• **TASK**: Transcribe this listing exactly; omit the pictures.

• **DATASET EXCERPT**:
□ □ □ □ □

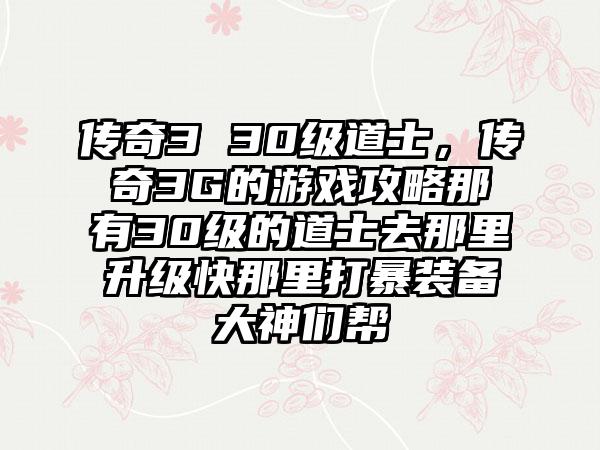 传奇3 30级道士，传奇3G的游戏攻略那有30级的道士去那里升级快那里打暴装备大神们帮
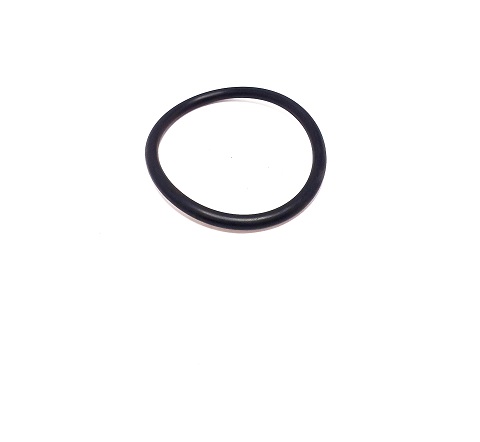 E1613055 - ANEL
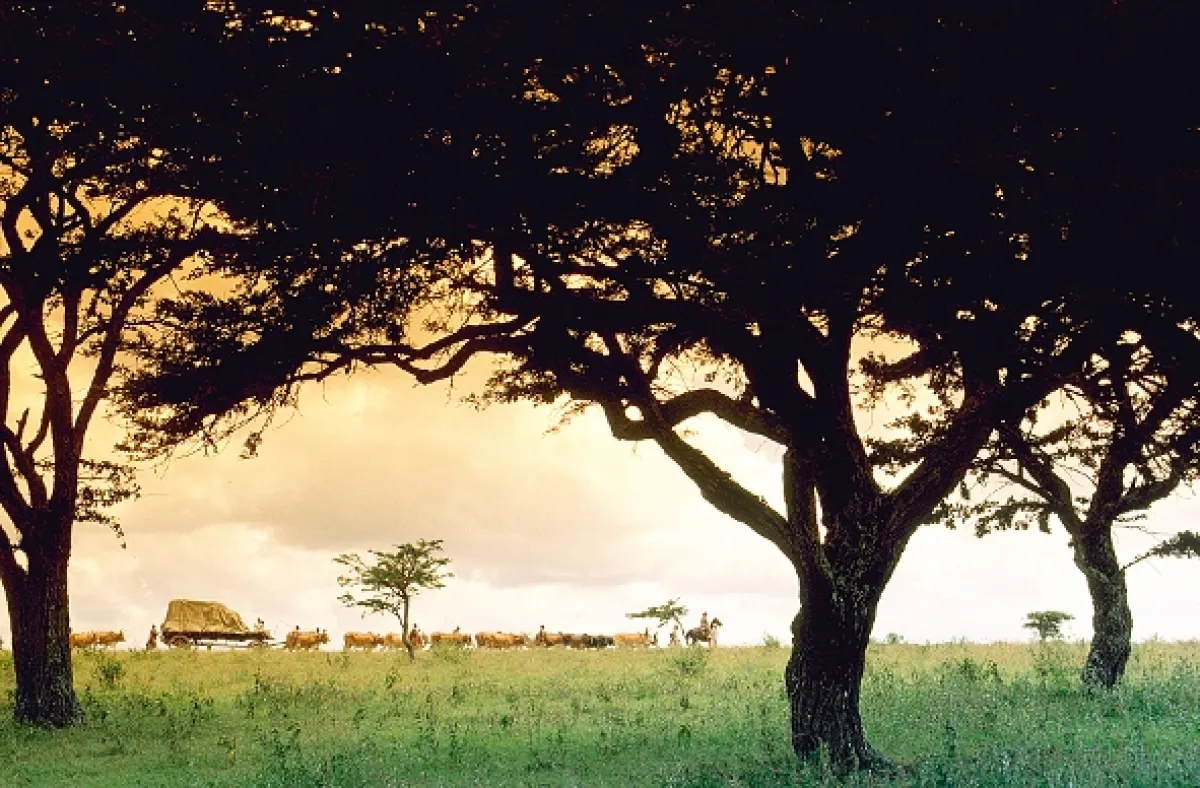 Vzpomínky na Afriku (Out of Africa), 1985 - fotogaléria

□ □ □ □ □

• **TASK SOLUTION**:
 传奇3 30级道士，传奇3G的游戏攻略那有30级的道士去那里升级快那里打暴装备大神们帮
 E1613055 - ANEL
 Vzpomínky na Afriku (Out of Africa), 1985 - fotogaléria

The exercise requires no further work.